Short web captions
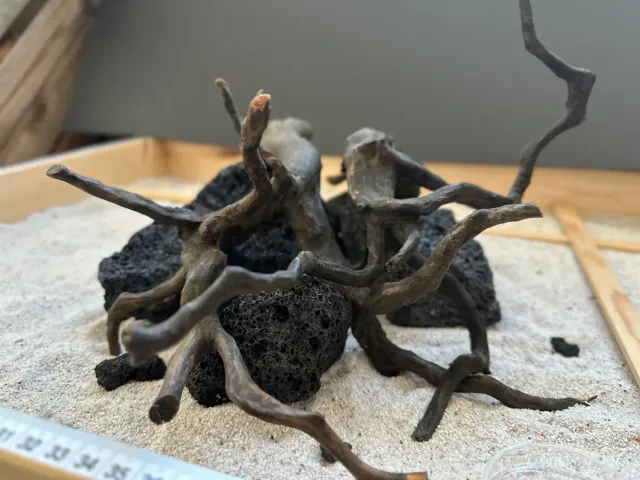 Garnelen TV Hardscape Set 2 hardscape svart lava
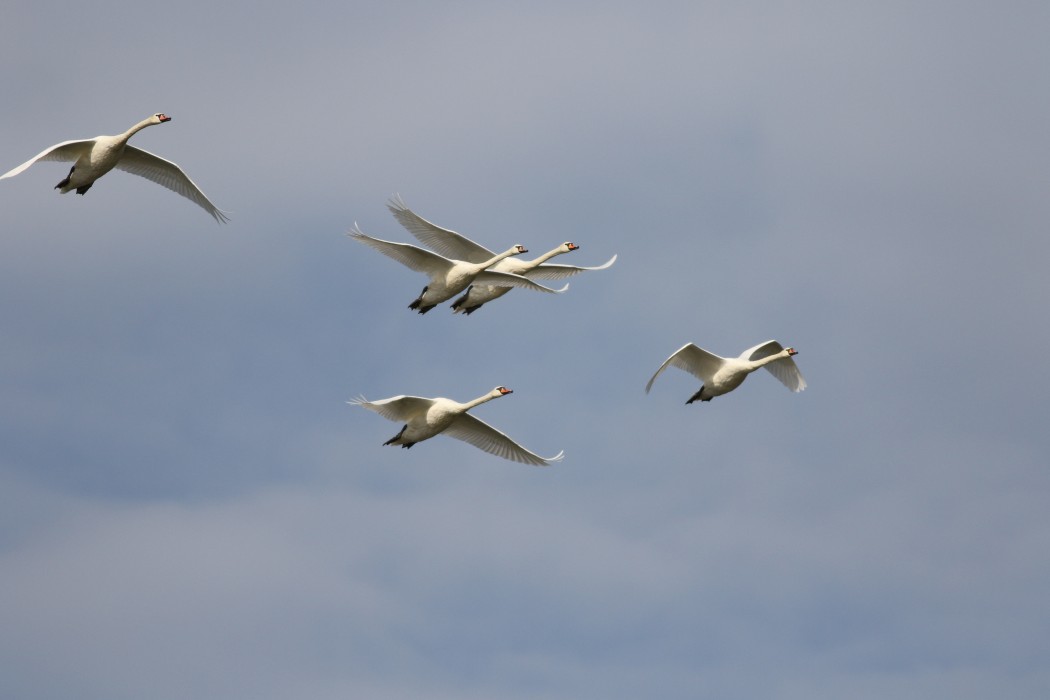Mute Swan
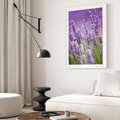 Plakat w ramie 40x50 - Urok lawendy - lawenda, kwiaty - rama biała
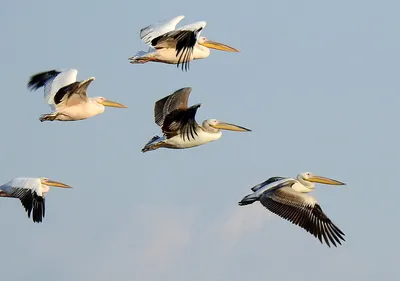 15 видов птиц – постоянных обитателей Израиля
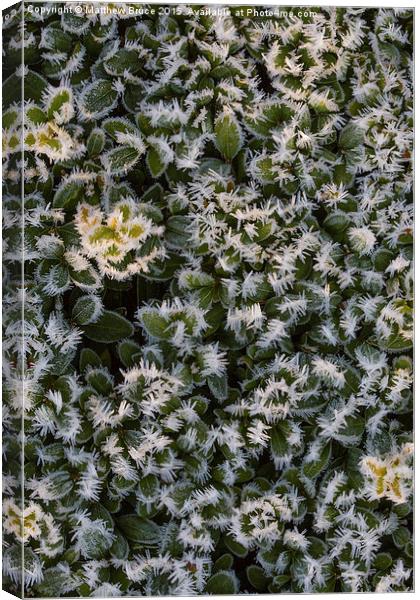  Spiky bush Canvas Print by Matthew Bruce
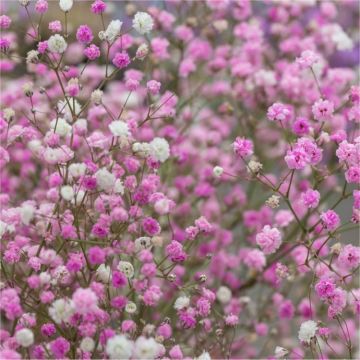 Gypsophila paniculata Breeders Mix - Pink & White - Pack of TWENTY
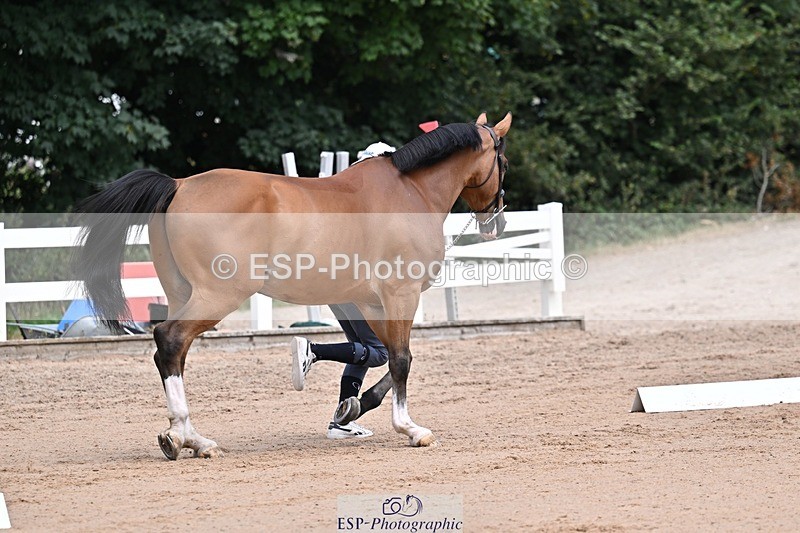 250716-130235-00281 - Trot Up 12.30 to 1.30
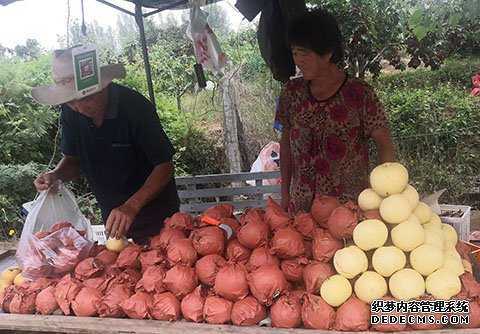 千亩黄梨硕果飘香 游客竞相采购品尝(图2) 千亩黄梨硕果飘香 游客竞相采购品尝(图2)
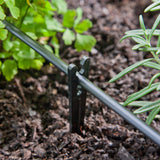 Raindrip Drip Irrigation Tubing Support Stakes for 1/4 in. Tubing, 3.5 in. Height, 10-Pack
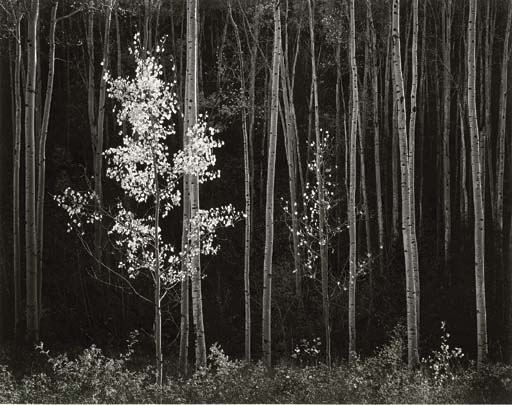 Aspens, Northern New Mexico, 1958 
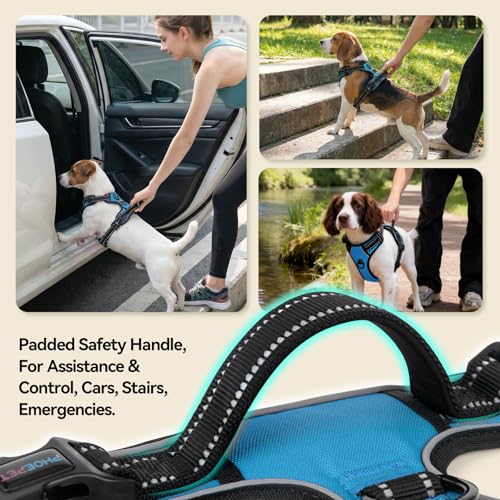 PHOEPET No Pull Dog Harnesses for Small Puppies Reflective Adjustable Front Clip Vest with 2 Metal Leash Attachment Hooks Soft Handle(S, Blue) - color: Blue, size: Small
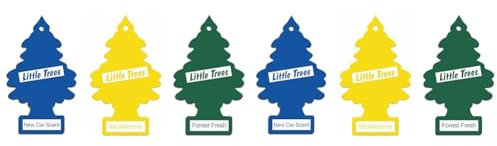 Little Trees Air Freshener, Traditional Fragrances, Pack of 6 (Packaging may vary)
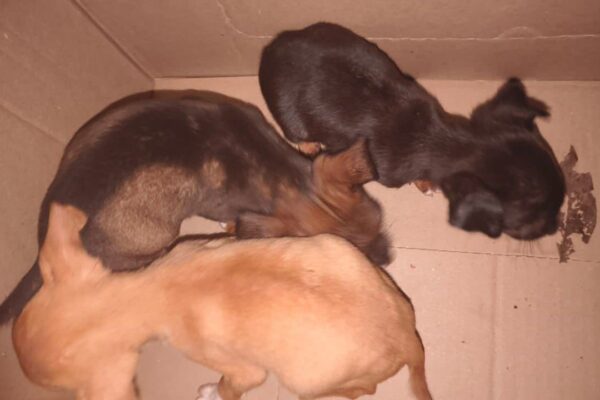 Filhotes de cachorro em caixa de papelão.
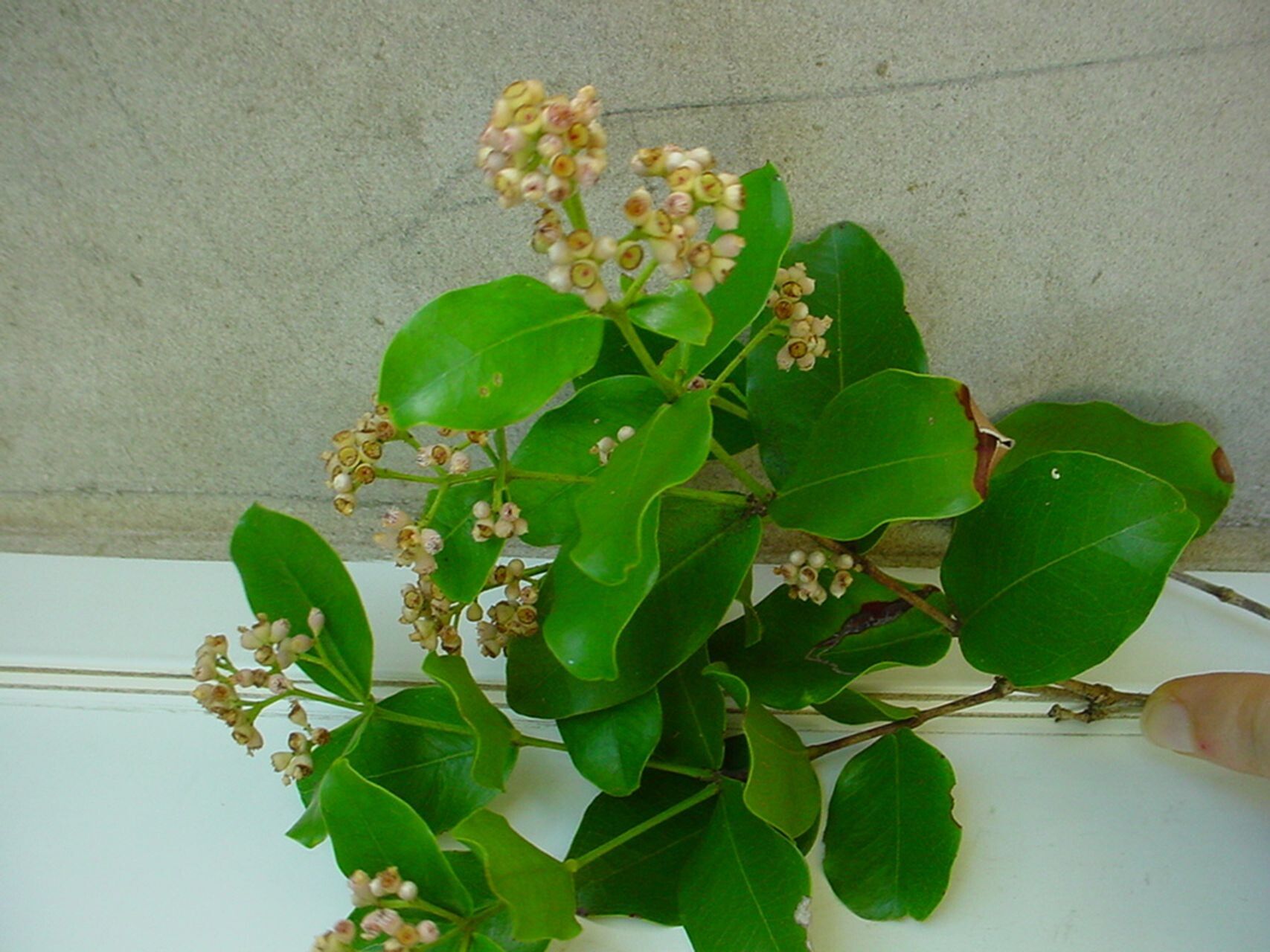 Syzygium neoeugenioides flower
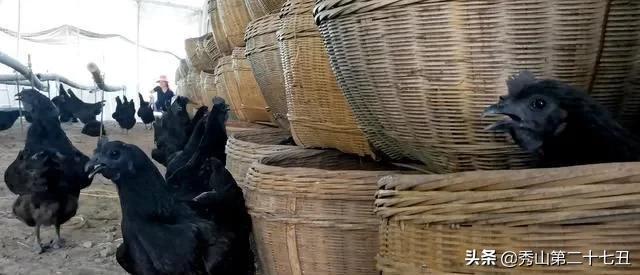 一万只土鸡卖柴鸡蛋年入百万,农村小伙养鸡一只鸡最贵卖1100元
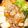 negoo's cooksnap of when they made プチッとキムチ鍋！〆はサッポロ一番.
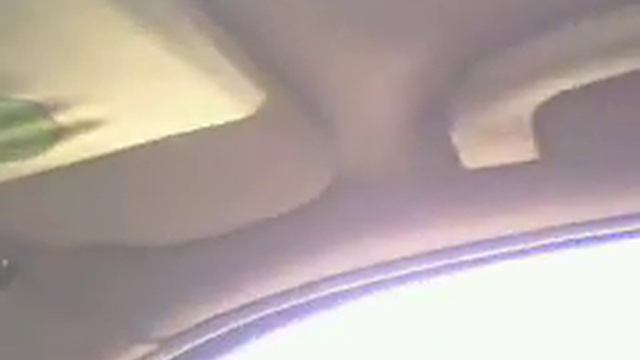 role na minha Alfa romeo 156 GTA na praia смотреть онлайн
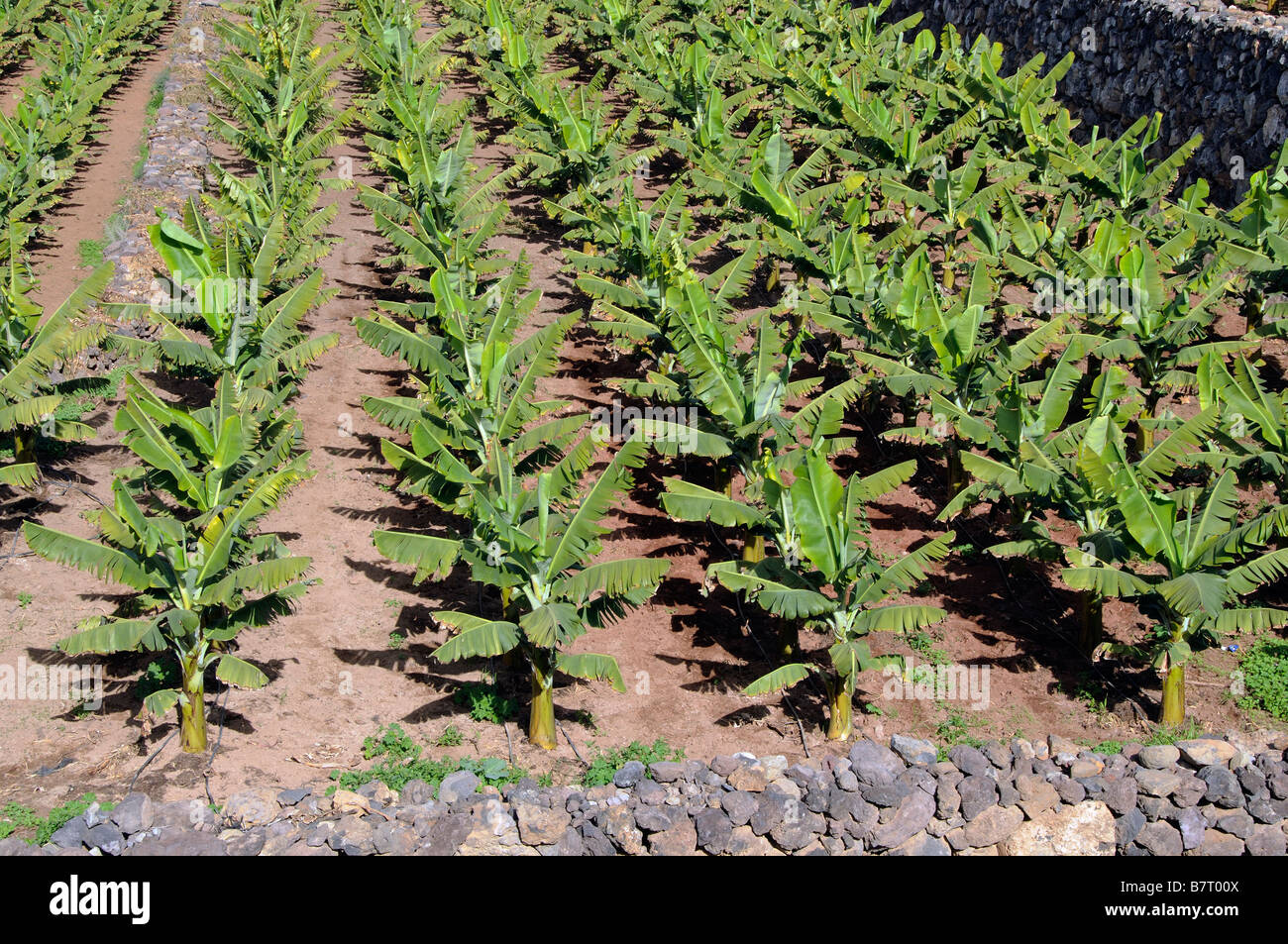 Bananen-Plantage südlichen Teneriffa Kanarische Inseln Stockfoto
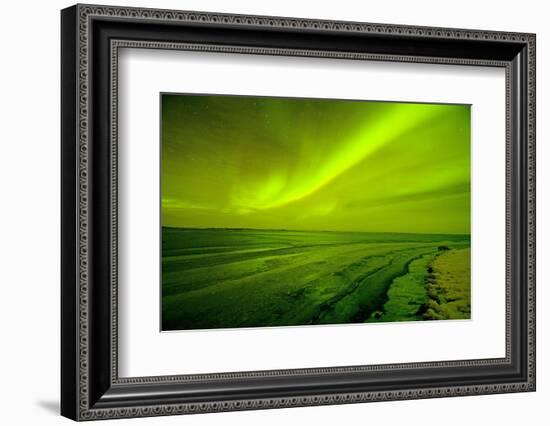 Green Northern Lights over the Sea, Beaufort Sea, ANWR, Alaska, USA-Steve Kazlowski-Framed Photographic Print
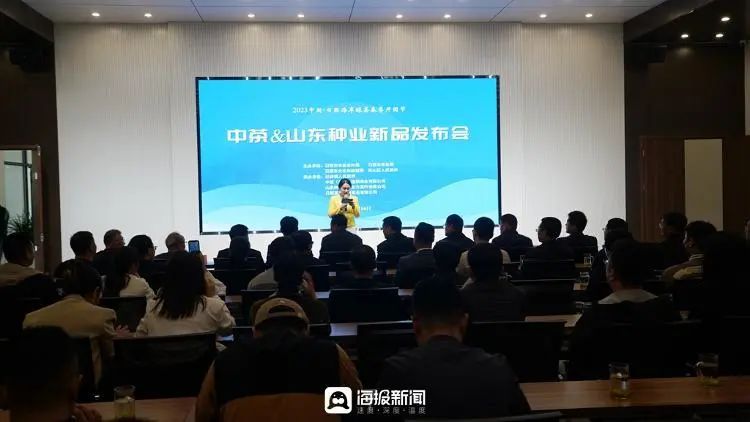 有关于岚山翻开新一“叶”，2023中国海岸绿茶春季开园节盛大启幕的相关内容(10)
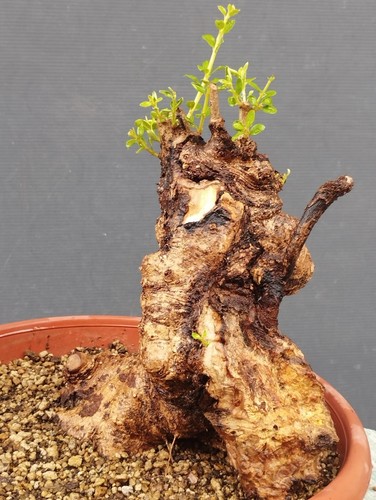 Bonsaï olivier 20 - 20, cm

(Task objective): Would you restate all of the data above word for word, omitting the pictures?

(Final answer):
 Garnelen TV Hardscape Set 2 hardscape svart lava
Mute Swan
 Plakat w ramie 40x50 - Urok lawendy - lawenda, kwiaty - rama biała
 15 видов птиц – постоянных обитателей Израиля
  Spiky bush Canvas Print by Matthew Bruce
 Gypsophila paniculata Breeders Mix - Pink & White - Pack of TWENTY
 250716-130235-00281 - Trot Up 12.30 to 1.30
 千亩黄梨硕果飘香 游客竞相采购品尝(图2) 千亩黄梨硕果飘香 游客竞相采购品尝(图2)
 Raindrip Drip Irrigation Tubing Support Stakes for 1/4 in. Tubing, 3.5 in. Height, 10-Pack
 Aspens, Northern New Mexico, 1958 
 PHOEPET No Pull Dog Harnesses for Small Puppies Reflective Adjustable Front Clip Vest with 2 Metal Leash Attachment Hooks Soft Handle(S, Blue) - color: Blue, size: Small
 Little Trees Air Freshener, Traditional Fragrances, Pack of 6 (Packaging may vary)
 Filhotes de cachorro em caixa de papelão.
 Syzygium neoeugenioides flower
 一万只土鸡卖柴鸡蛋年入百万,农村小伙养鸡一只鸡最贵卖1100元
 negoo's cooksnap of when they made プチッとキムチ鍋！〆はサッポロ一番.
 role na minha Alfa romeo 156 GTA na praia смотреть онлайн
 Bananen-Plantage südlichen Teneriffa Kanarische Inseln Stockfoto
 Green Northern Lights over the Sea, Beaufort Sea, ANWR, Alaska, USA-Steve Kazlowski-Framed Photographic Print
 有关于岚山翻开新一“叶”，2023中国海岸绿茶春季开园节盛大启幕的相关内容(10)
 Bonsaï olivier 20 - 20, cm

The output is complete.